Opinions differ as to whether it was a success or not. However, the reorientation has led to the launch of projects that go beyond the HBP, not only carrying its DNA into the next phase, but also offering it in a future-proof form under the EBRAINS platform. This is a well-stocked toolbox for all neuroscientists,and some of the tools are real eye-catchers. One example is The Virtual Brain, a simulation platform developed by Viktor Jirsa and Fabrice Bartolomei, which is currently being tested by surgeons in a large-scale clinical study to prepare for operations on epilepsy patients. Fed with patient data, it can help improve surgical planning. In severe cases of epilepsy, the source of the pathological brain activity – the seizure focus – must be surgically removed, so precise planning is extremely important. Too much or too little tissue removed can determine the success of the procedure.

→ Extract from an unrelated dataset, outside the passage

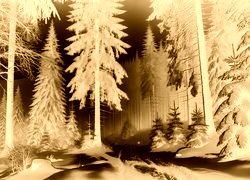 Sepia + Negatyw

Another legacy of the HBP comes directly from Katrin Amunts: the Julich Brain Atlas, created from 24,000 wafer-thin slices of 23 human brains that were digitally reassembled – more comprehensive and detailed than anything that came before. With it, she continues her profession as director of the Cécile and Oskar Vogt Institute for Brain Research at the University of Düsseldorf. Similar to how the Vogts, with their famous colleague Korbinian Brodmann, developed maps of the cortex and identified individual areas based on histological differences as early as 1909, Amunts has developed something she describes as “Google Maps” for the brain: On the one hand, it is possible to delve into the depths of gene expression and molecules from the cellular level, but on the other hand, networks and areas are within reach.
Almost more important is the openness of the EBRAINS platform: all data in the Julich Brain Atlas is publicly accessible. Researchers can upload their data and even their own scripts that process this data. This is not “citizen science,” but rather “community science,” yet in any case open to expansion – and it is precisely this general comparability and usability of its results, based on professional data management, that brain research needs. In addition to functional, genetic, and molecular data, metadata such as author and DOI are also recorded. The idea is to collect data from the broad community of brain researchers and, in doing so, to develop the standards that are lacking across the various disciplines.
Such an atlas already has practical value, but for many laboratories, the offer of direct access to supercomputers via EBRAINS, enabling them to complete data-intensive tasks much faster than would be possible in their own laboratories, is likely to be no less attractive.
The hope
Looking at this legacy, there is a certain irony: in recent years, the HBP has created the foundation for what it needed at the beginning. For all its mistakes and exaggerations, Henry Markram's vision was not entirely wrong: a large community, a common language, a viable theory of the brain, a common platform – nothing less is needed to decode the brain. In addition, we need to look beyond the purely neural – keyword glial cells; or the heart-brain- and gut-brain systems, but that might be setting the bar a little too high. It is to be hoped that the community will not be deterred by the past and will take advantage of EBRAINS' offerings, filling and further developing them.